- The problem
Work through the entries below and show every line in which "HYBRID" is found.

***** Records for processing *****

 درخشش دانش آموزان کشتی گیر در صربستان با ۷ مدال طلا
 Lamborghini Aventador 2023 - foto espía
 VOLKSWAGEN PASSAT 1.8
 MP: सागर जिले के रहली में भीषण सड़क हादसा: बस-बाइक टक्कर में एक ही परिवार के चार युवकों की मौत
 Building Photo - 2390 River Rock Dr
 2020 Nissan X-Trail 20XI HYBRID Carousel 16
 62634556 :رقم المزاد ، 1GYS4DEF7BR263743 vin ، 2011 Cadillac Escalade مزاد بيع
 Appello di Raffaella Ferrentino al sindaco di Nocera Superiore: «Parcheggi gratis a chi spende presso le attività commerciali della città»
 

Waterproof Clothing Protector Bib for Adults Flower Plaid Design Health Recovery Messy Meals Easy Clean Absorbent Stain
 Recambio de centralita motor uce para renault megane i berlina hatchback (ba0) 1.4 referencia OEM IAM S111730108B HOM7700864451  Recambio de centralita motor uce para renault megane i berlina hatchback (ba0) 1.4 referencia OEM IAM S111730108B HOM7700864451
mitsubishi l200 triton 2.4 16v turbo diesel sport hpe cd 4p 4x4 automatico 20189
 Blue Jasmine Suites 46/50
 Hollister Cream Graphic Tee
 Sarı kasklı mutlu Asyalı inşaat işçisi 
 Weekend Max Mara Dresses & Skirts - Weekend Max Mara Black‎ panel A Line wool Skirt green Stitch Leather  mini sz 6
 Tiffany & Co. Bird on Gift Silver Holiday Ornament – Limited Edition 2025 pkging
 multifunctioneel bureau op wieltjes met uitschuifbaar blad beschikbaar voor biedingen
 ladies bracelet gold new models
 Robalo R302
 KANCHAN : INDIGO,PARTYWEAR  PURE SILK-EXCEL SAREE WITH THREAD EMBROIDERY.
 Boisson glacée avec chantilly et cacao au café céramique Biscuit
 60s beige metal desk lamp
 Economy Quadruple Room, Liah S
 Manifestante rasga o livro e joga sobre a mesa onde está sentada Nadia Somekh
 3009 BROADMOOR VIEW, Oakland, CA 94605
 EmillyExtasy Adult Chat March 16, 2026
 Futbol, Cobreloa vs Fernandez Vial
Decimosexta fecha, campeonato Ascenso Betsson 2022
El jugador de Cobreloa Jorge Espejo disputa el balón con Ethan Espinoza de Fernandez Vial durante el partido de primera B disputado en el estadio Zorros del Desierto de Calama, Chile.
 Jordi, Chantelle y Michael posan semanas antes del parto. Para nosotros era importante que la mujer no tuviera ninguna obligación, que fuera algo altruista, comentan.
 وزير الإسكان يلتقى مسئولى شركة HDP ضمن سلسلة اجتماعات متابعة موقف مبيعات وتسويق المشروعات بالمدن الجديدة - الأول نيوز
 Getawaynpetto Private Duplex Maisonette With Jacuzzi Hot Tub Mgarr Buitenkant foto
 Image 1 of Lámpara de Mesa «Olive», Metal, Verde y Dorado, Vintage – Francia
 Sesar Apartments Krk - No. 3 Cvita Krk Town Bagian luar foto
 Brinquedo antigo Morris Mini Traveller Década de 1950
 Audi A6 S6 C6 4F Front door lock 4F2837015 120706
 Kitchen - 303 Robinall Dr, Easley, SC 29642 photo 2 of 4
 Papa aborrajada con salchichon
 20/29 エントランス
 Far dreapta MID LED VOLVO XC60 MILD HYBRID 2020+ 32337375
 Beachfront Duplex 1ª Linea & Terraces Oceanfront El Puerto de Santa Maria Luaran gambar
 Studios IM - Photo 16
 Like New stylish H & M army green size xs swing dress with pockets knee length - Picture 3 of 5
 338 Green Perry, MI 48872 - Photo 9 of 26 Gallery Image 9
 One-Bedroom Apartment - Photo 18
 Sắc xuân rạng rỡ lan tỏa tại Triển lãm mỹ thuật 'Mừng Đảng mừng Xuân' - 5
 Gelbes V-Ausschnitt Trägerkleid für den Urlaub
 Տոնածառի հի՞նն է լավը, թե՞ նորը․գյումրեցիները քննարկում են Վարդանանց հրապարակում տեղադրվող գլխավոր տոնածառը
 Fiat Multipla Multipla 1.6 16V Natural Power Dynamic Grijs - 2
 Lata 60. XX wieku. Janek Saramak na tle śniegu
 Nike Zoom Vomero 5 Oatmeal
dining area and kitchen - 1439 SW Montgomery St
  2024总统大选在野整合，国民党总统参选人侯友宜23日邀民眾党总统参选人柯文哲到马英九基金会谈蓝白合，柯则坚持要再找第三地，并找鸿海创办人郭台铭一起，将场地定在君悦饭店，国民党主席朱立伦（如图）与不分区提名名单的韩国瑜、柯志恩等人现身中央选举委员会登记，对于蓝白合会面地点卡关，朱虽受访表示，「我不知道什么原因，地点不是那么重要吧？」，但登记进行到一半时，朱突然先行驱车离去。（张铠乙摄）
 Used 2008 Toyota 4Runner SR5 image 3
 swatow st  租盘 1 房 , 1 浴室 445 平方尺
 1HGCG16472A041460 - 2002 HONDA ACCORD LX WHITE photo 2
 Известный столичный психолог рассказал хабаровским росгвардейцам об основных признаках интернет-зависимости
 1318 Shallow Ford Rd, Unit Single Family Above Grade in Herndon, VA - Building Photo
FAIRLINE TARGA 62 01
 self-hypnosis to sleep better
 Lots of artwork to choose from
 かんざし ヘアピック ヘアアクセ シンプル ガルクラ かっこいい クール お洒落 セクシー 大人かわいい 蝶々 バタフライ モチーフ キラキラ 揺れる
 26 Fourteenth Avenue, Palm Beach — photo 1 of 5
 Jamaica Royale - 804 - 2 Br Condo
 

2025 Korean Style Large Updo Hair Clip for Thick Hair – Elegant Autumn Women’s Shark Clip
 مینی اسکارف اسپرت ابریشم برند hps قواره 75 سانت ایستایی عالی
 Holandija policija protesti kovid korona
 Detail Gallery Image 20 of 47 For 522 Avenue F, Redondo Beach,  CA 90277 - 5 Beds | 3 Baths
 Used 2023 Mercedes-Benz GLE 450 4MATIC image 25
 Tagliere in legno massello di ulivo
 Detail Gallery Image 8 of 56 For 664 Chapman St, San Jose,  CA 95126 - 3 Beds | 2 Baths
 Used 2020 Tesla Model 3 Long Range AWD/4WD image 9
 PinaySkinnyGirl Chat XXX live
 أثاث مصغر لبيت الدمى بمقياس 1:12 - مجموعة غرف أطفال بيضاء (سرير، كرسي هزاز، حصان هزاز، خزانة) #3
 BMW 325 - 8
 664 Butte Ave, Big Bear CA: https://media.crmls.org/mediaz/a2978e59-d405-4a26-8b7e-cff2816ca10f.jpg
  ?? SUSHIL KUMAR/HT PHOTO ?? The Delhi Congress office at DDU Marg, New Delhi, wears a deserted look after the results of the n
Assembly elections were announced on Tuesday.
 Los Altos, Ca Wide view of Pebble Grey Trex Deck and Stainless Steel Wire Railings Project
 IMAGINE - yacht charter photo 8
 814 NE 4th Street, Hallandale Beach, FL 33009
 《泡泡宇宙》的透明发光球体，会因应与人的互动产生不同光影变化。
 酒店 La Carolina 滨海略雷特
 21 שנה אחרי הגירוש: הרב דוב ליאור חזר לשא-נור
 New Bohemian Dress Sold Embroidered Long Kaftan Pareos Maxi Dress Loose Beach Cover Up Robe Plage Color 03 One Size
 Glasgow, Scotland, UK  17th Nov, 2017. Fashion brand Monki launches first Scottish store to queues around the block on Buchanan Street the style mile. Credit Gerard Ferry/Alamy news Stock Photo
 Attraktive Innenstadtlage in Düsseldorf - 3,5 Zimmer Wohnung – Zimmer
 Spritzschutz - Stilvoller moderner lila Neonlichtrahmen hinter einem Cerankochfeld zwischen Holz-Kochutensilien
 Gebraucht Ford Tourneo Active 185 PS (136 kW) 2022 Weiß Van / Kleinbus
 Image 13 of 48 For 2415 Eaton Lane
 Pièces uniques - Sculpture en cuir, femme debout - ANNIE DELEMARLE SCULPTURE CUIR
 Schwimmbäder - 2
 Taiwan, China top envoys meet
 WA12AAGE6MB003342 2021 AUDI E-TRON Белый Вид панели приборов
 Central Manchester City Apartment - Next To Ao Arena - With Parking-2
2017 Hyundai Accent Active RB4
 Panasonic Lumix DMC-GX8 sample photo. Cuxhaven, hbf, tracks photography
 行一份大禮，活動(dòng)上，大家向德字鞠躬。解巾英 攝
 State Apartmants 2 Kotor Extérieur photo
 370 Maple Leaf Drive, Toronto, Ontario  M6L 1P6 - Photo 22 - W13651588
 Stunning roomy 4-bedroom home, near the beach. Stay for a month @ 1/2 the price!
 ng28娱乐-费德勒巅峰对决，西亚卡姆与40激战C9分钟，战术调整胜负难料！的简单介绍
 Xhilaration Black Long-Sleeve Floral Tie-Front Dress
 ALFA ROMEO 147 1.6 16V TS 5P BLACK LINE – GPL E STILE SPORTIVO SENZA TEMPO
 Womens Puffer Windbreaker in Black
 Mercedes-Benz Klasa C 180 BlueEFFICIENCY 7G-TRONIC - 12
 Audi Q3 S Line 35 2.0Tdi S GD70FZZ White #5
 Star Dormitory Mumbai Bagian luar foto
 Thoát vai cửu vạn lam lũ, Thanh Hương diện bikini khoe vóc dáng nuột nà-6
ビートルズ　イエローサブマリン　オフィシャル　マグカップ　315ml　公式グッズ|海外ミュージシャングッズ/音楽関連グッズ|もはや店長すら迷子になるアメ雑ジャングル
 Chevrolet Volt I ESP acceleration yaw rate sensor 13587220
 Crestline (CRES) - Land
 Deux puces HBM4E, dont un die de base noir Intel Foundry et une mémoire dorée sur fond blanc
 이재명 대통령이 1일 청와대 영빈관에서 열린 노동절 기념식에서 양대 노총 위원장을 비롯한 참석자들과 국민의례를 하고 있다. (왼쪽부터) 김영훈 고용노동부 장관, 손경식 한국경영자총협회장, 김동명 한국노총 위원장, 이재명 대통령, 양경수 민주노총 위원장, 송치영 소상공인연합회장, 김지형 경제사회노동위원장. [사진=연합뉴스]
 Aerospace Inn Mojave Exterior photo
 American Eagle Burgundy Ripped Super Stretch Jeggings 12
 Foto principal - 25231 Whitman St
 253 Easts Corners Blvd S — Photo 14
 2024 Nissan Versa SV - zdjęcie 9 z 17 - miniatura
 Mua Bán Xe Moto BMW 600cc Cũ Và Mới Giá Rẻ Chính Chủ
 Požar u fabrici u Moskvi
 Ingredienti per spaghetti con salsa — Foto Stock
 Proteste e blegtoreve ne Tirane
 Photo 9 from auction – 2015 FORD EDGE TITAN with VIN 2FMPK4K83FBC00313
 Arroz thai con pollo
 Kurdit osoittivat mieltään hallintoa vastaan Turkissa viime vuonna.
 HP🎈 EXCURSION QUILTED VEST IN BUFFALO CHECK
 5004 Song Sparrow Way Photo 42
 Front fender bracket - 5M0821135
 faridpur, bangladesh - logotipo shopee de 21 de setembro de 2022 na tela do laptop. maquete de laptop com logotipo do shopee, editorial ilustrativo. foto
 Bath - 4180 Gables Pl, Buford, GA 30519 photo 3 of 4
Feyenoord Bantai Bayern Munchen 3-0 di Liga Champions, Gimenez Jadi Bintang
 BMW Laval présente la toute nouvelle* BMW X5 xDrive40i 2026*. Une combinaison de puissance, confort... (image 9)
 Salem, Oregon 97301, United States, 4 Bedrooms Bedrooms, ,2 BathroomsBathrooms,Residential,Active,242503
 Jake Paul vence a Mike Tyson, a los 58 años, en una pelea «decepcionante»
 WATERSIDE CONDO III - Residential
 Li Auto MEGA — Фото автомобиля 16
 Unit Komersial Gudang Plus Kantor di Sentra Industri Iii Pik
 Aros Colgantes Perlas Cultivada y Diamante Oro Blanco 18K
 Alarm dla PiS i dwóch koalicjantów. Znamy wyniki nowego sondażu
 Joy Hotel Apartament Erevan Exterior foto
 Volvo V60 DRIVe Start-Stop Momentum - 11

*****

- Solved problem
 2020 Nissan X-Trail 20XI HYBRID Carousel 16
 Far dreapta MID LED VOLVO XC60 MILD HYBRID 2020+ 32337375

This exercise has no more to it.